Il n’y a donc aucune unanimité en faveur du candidat aux cheveux jaunes et c’est sa première contrainte, toute politique : une grande partie du corps électoral américain lui est au mieux indifférent, au pire hostile. Ce n’est pas Trump qui a gagné, mais le parti démocrate et sa candidate Harris qui ont perdu, faute de mobiliser l’électorat populaire et une partie des « minorités » : 10 millions de voix perdues par rapport à Biden, ce n’est pas rien et cela devrait pousser les démocrates à faire leur aggiornamento (on peut toujours rêver).
Une domination institutionnelle, mais pas dans la société
Cependant, nul doute que l’entrée en fonctions de Trump va participer d’un regain d’hystérisation du débat politique américain, dont le « centre de gravité » est, depuis trois décennies maintenant, « off the center », c’est-à-dire de plus en plus éloigné du centre, pour reprendre le titre d’un ouvrage de deux politistes américains. La victoire ne se joue plus sur la conquête de « l’électeur médian », mais, au contraire, sur la mobilisation des franges les plus radicalisées de chacun des deux camps. Les médias pro-démocrates vont donc s’en donner à cœur – chœur – joie contre l’infâme président, lequel dispose toutefois d’un atout maître, à savoir la majorité au Congrès, Sénat et Chambre des représentants confondus. Le « check and balance » – le système de contre-pouvoirs – américain en a pris un coup dans l’aile, d’autant que Trump a aussi l’avantage d’une Cour Suprême conservatrice.
Trump bénéficie donc des soutiens du capital, d’une frange minoritaire de l’électorat et des principales institutions judiciaires et politiques.

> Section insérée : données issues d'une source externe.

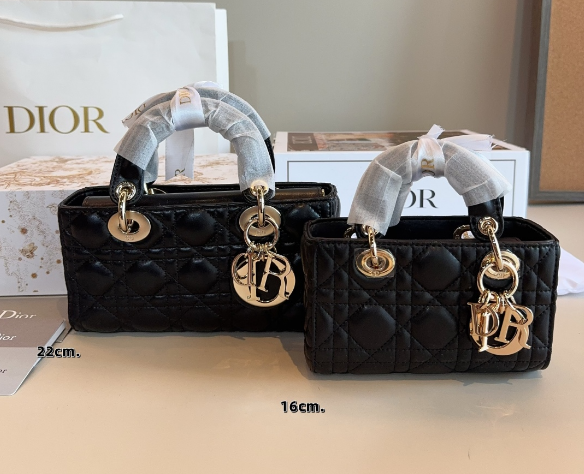 ディオール　レディ D-JOY　バッグ　レディース　Dior　レディDジョイ　ショルダーバッグ　ミニ/スモール　4色 - 画像 5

C’est déjà beaucoup, mais pas au point de conférer tous les pouvoirs dans les faits.
Les contraintes du déclin américain
Car son action sera d’autant plus contrainte que, comme l’a bien montré Emmanuel Todd, l’économie et la puissance américaines sont sérieusement entamées(1)Emmanuel Todd, La défaite de l’Occident, Paris Seuil, 2024. Voir aussi Peter Turchin, Le chaos qui vient, Paris, Cherche midi, 2024 et l’interview récente de l’économiste de renom Joseph Stiglitz au site ELUCID : https://www.youtube.com/watch?v=fbiYidRMriw&t=28s.. Si l’on déflate le PIB américain des secteurs hypertrophiés de la finance, du droit et de la santé, l’empire américain a nettement moins fière allure. Malgré le drainage des cerveaux « fabriqués » dans d’autres pays, le niveau éducatif général baisse comme l’espérance de vie. L’industrie US se porte aussi bien que l’industrie française, c’est-à-dire mal. Les géants de la « Tech » sont l’arbre qui cache… les troènes comme Boeing.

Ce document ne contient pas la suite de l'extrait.